Potensi Ancaman Serangan
Ancaman serangan terorisme global terus mengalami dinamika. Serangan bom di negara-negara yang berkonflik masih menjadi modus dari kegiatan terorisme, tambahnya.
Di tingkat regional, Filipina masih menjadi basis terorisme terbesar di kawasan Asia Tenggara. Sementara di dalam negeri, pemerintah masih memantau penyebaran ideologi terorisme melalui media sosial, pendanaan terorisme, dan orang-orang Indonesia bergabung dengan kelompok teroris di negara-negara berkonflik.
Sementara di dalam negeri, BNPT memperkirakan sekitar 5-8 persen dari 1.250-an eks narapidana kasus terorisme di Indonesia kembali melakukan serangan.
Kemenkumham Telaah Tipe Terorisme
Abdul Haris, Direktur Keamanan dan Ketertiban di Direktorat Jenderal Pemasyarakatan Kementerian Hukum dan Hak Asasi Manusia, mengatakan karena terorisme merupakan kejahatan luar biasa, maka pelakunya perlu mendapat perlakuan dan pembinaan khusus. Untuk itu proses penempatan narapidana kasus terorisme di lembaga pemasyarakatan dilakukan secara hati-hati. Hal tersebut dilakukan untuk mengoptimalkan program pembinaan dan deradikalisasi di dalam lembaga pemasyarakatan.

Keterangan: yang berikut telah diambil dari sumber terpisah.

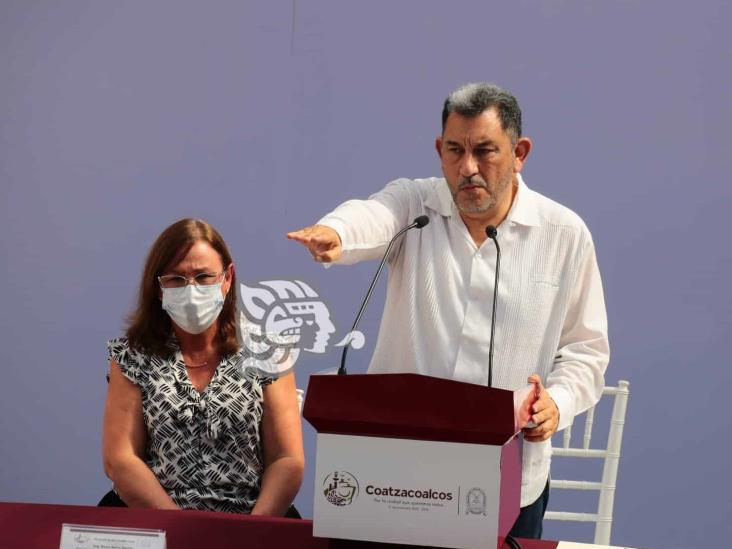 Amado Cruz rinde protesta como alcalde de Coatzacoalcos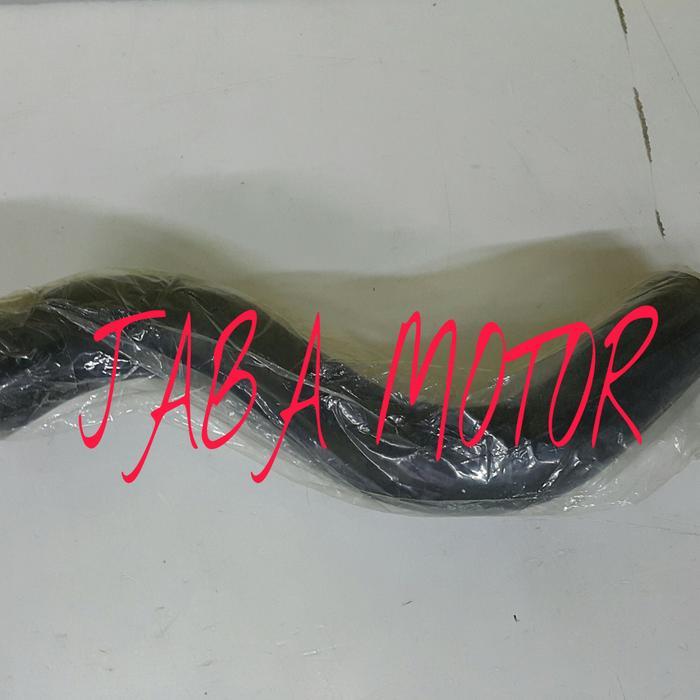 SELANG RADIATOR ATAS STARLET KAPSUL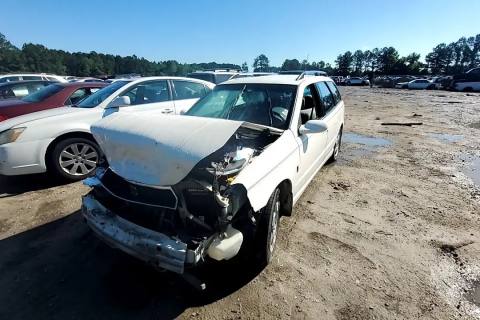 Photo of 2003 Saturn Lw200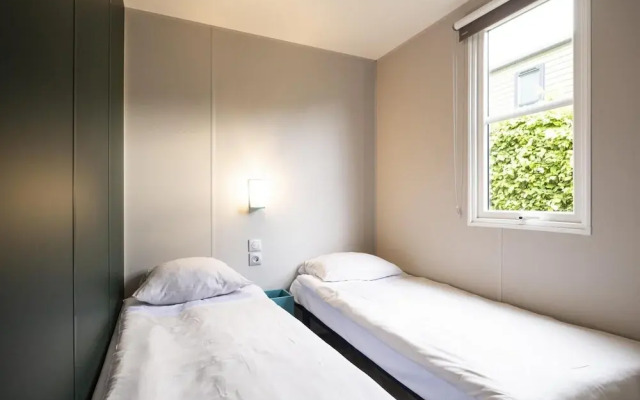 Peaceful Apartment With Pool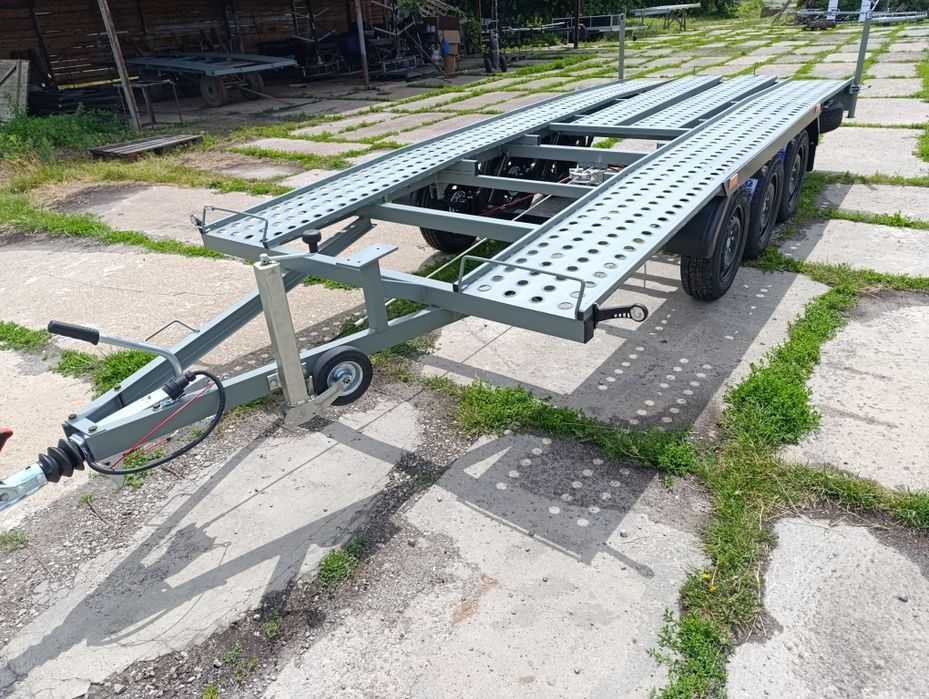 Автовоз  евак 5м*2 3хосний 4,5 тон лавета лафет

Abdul menambahkan pembinaan narapidana teroris adalah upaya terpadu yang mencakup pembinaan di dalam dan luar lembaga pemasyarakatan lewat pendampingan dan pengawasan secara khusus terhadap perubahan sikap dan kebijakan narapidana teroris untuk mengurangi kemampuan, niat, dan keterlibatan mereka dalam kegiatan terorisme serta mengembalikan mereka agar dapat berinteraksi dalam masyarakat, serta mampu menghidupi diri dan keluarga mereka.